La nuova formulazione dell’articolo 187 prevede che basti accertare la presenza di sostanze stupefacenti nell’organismo del conducente per far scattare le conseguenze penali e amministrative previste dal Codice. Non è più necessario, dunque, dimostrare che il soggetto fosse effettivamente alterato alla guida, un accertamento che spesso si rivelava complesso da condurre con strumenti e risorse disponibili.

Secondo il gip di Pordenone, la nuova disciplina si pone in potenziale conflitto con vari principi costituzionali. In particolare, vengono richiamati:

  • il principio di eguaglianza, ragionevolezza e proporzionalità delle leggi (art. 3);

  • la necessità di tassatività e determinatezza delle norme penali, nonché il principio di offensività (art. 25, comma 2);

  • la funzione rieducativa della pena (art. 27, comma 3).

Nell’ordinanza si fa riferimento anche alla sentenza n. 23 del 2015 della Corte costituzionale, utilizzata come precedente utile per rafforzare la propria posizione.
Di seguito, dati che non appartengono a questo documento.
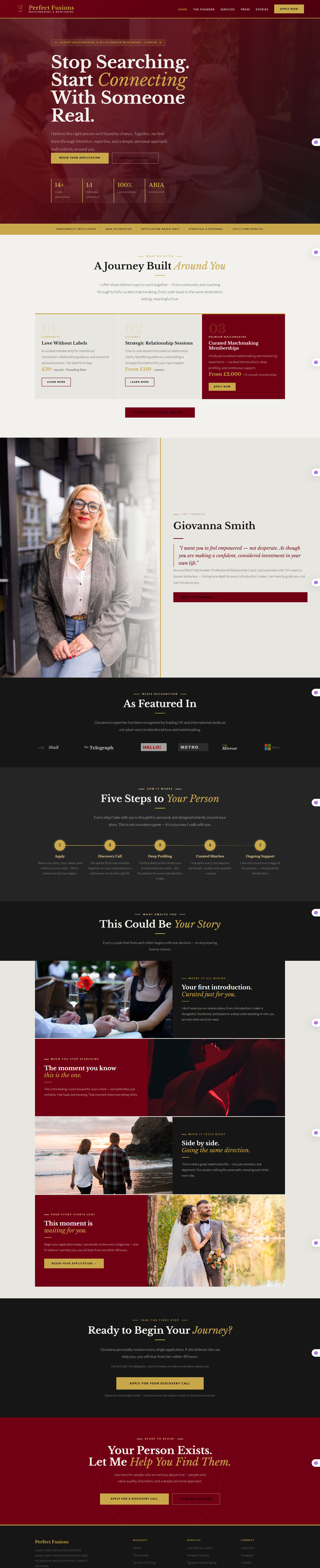 Perfect Fusions — Homepage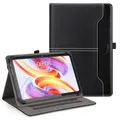 DLveer Universal Hülle für Whitedeer Tablet 10 Zoll/AWOW/Laptok/Hasskya/Pritom/TPZ, Tabwee T50 11 Zoll/SVITOO Tablet/Blackview/Doogee U11, Multi-View PU Leder Hülle für 10-11" Tablet, Massiv Schwarz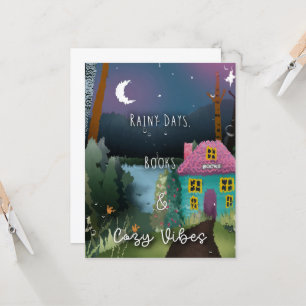 Rainy Days, Books and Cozy Vibes Invitation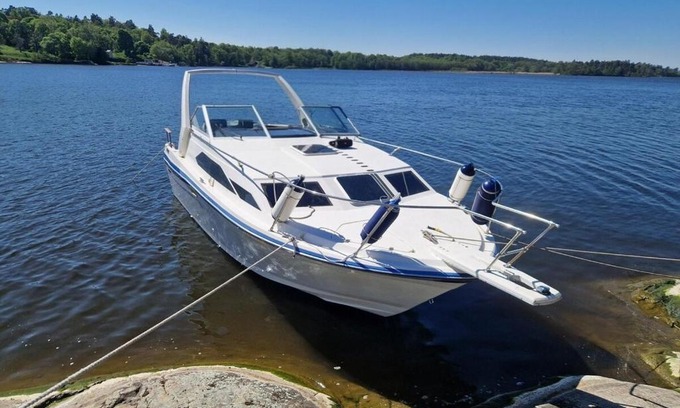 Appelviken Boat Rental | 6 coops American big boat near the subway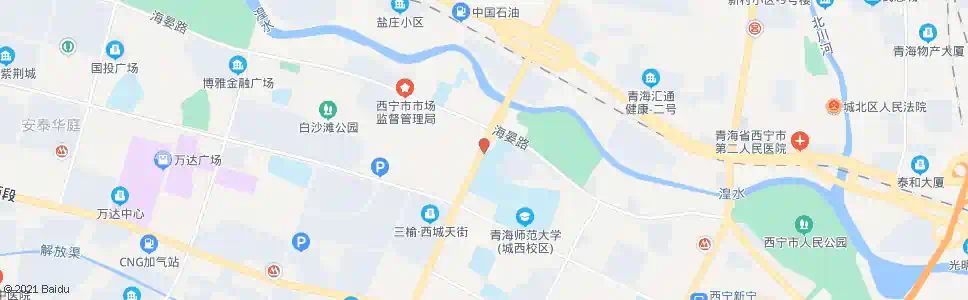 西宁海湖桥南_公交站地图_西宁公交_妙搜公交查询2024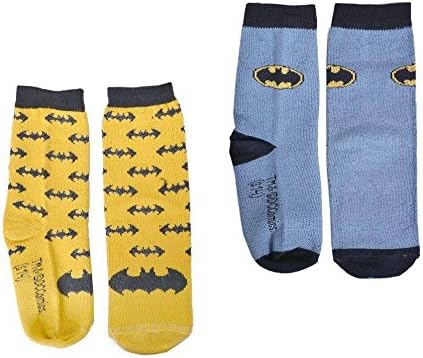 Warner Brother Kids Carton Character Junior Socks Pack of 5 for Boys and Girls Batman Size 1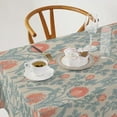 thumbnail image 2 of William Morris Tablecloth, Original Design Vintage Nature Floral Rustic Botanical Print Table Cover for Kitchen Dinning Room Party Picnic Decor, (Honeysuckle) 60x102inch, 2 of 6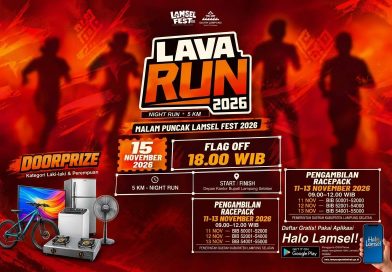 Ikut Lava Run 2026,   Caranya Daftar dan Ambil Jersey Gratis untuk 5.000 Peserta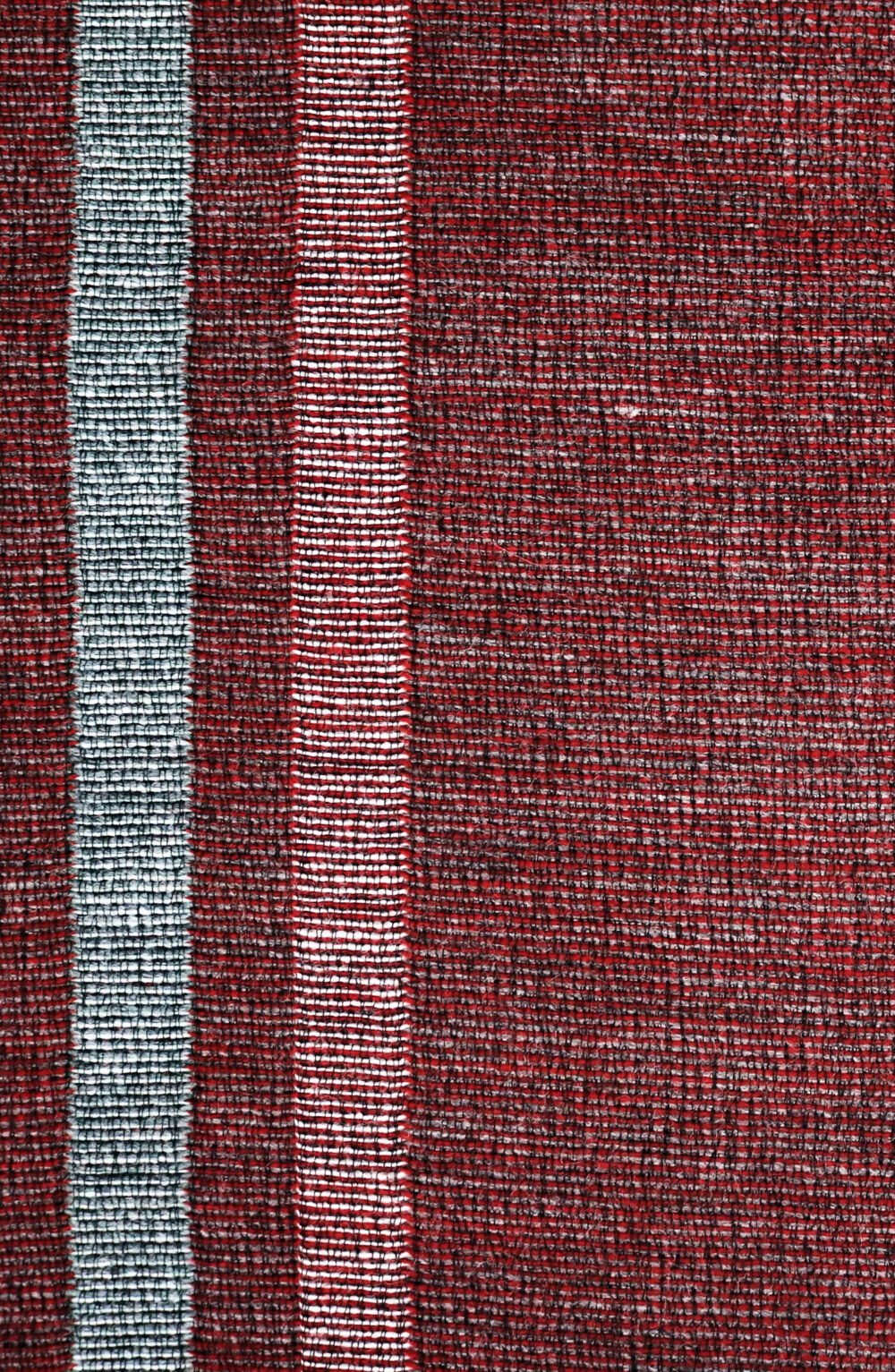 Women Scarf yarn dye, grey and bordeaux color - Image 5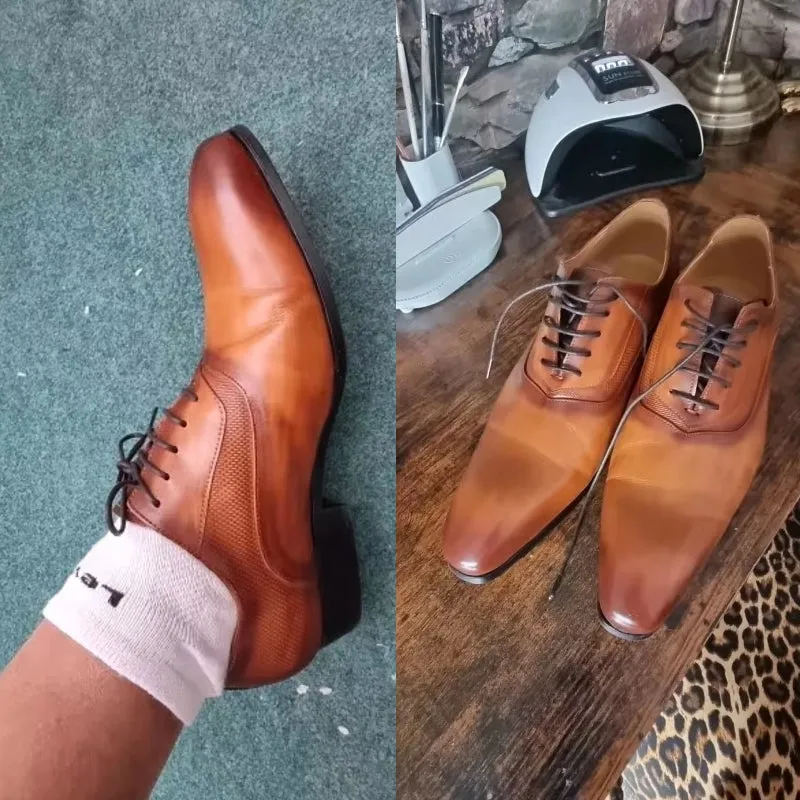 Classic Men's Pointed Toe Oxford Shoes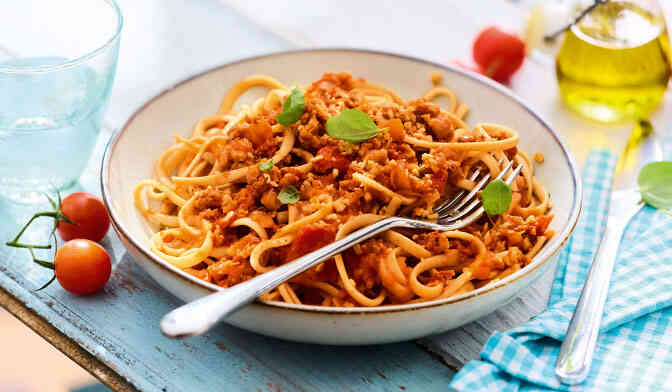LINGUINE FACON BOLO VEG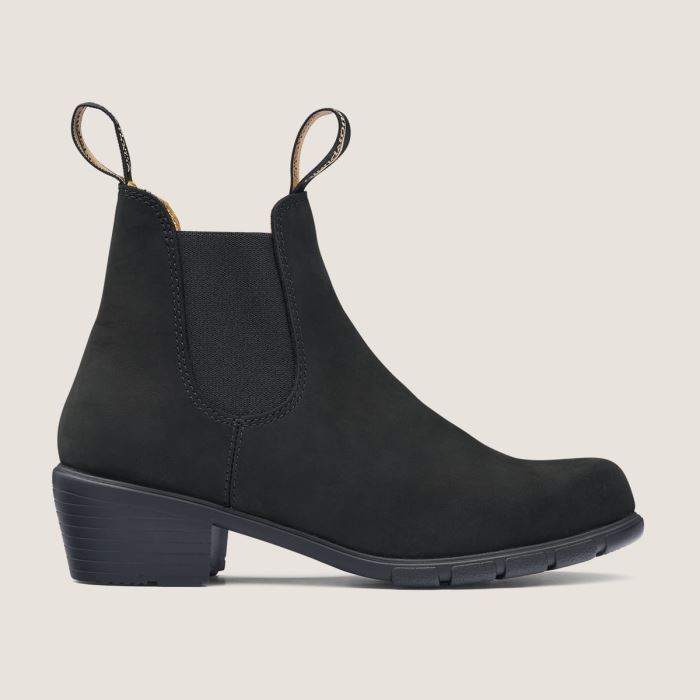 Blundstone Women's Series Heeled Boots Black Nubuck
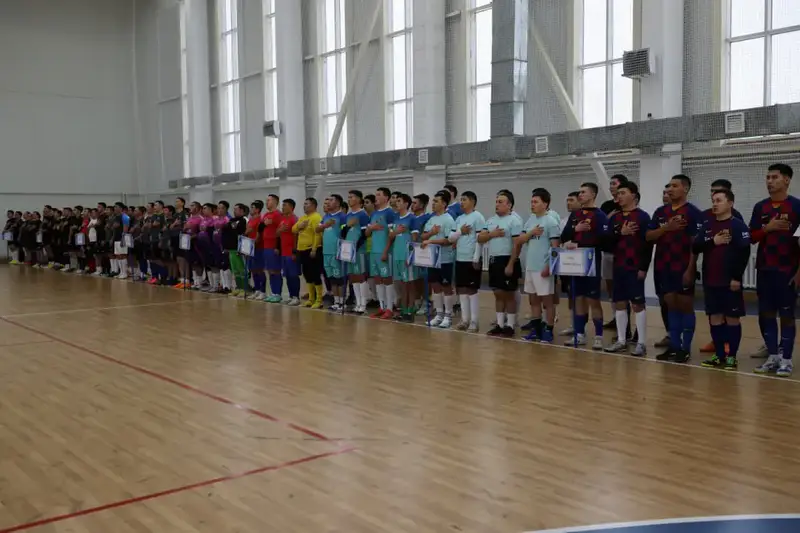 Турнир по мини-футболу в Национальной гвардии: укрепление командного духа и выявление талантов среди военнослужащих Павлодаре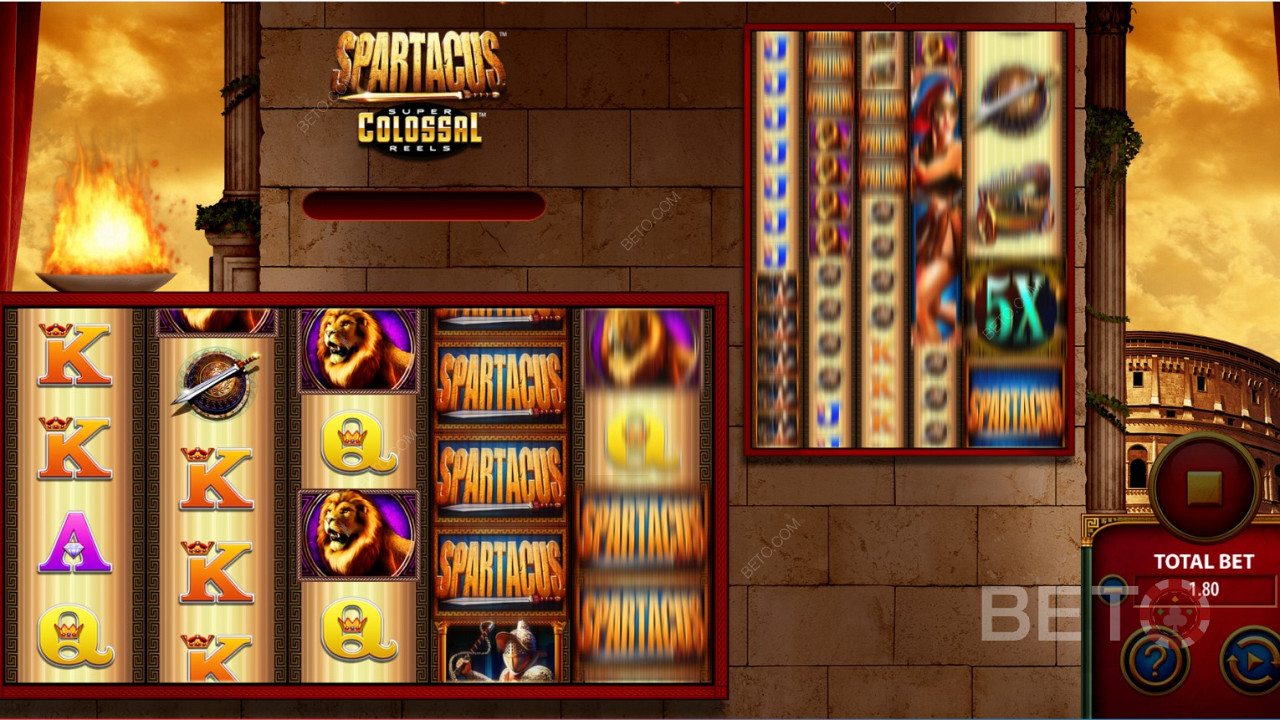 Spartacus Super Colossal Reels Online Spielautomat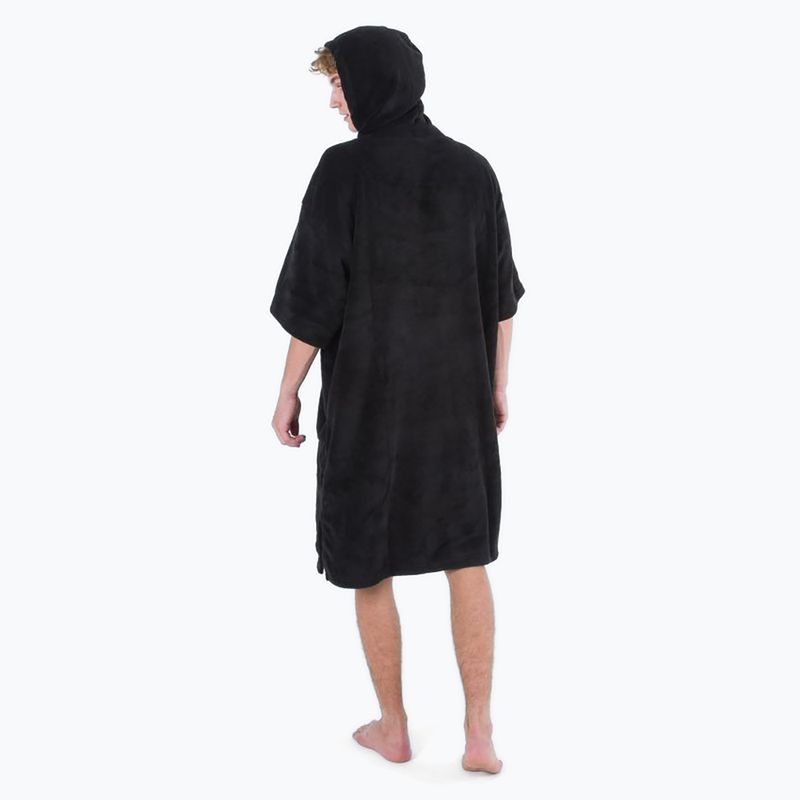 Hurley One&Only schwarzer Poncho 2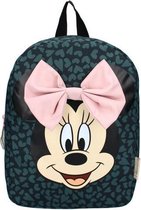 rugzak Minnie Mouse Hey It's Me donkergroen 6 liter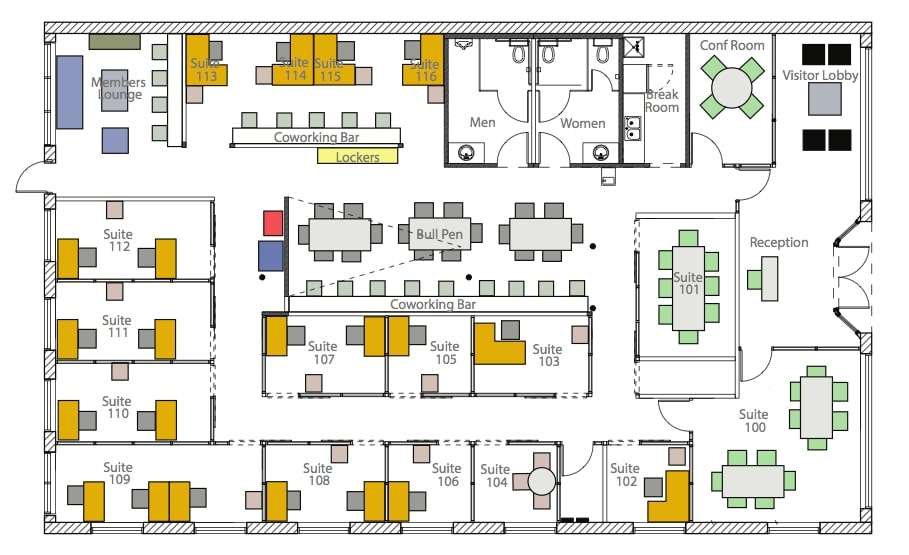 Office Layout Types, Examples, & Tips EdrawMax Online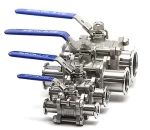 Amazon hot sale 304 stainless steel Manual high vacuum ball valve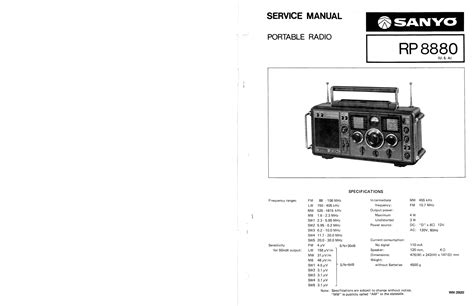 Sanyo rp 8880 manual de servicio. - Electrolux aqualux 1200 combination washer dryer manual.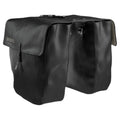 Brooks Brick Lane Pannier dubbele tas zwart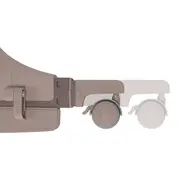 Patut co-sleeper, Lionelo, Jodie, Multifunctional, Reglabil in 6 pozitii pe inaltime, Saltea cu densitate T25, Functie de leganare, Cu plasa de tantari, Buzunar depozitare, Geanta transport, 84x48x70-80 cm, Taupe BYNLO-JODIE_BEIGE_TAUPE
Il giudice, inoltre, ritiene che non sia possibile una lettura costituzionalmente orientata della norma senza svuotarla del suo contenuto essenziale — un’operazione che, secondo l’ordinanza, spetta unicamente al legislatore.

Quella di Pordenone potrebbe essere solo la prima di una serie di decisioni giudiziarie che rimetteranno alla Consulta il compito di esprimersi sulla legittimità della nuova disciplina. Il dibattito, già acceso, si arricchisce così di un nuovo e significativo capitolo.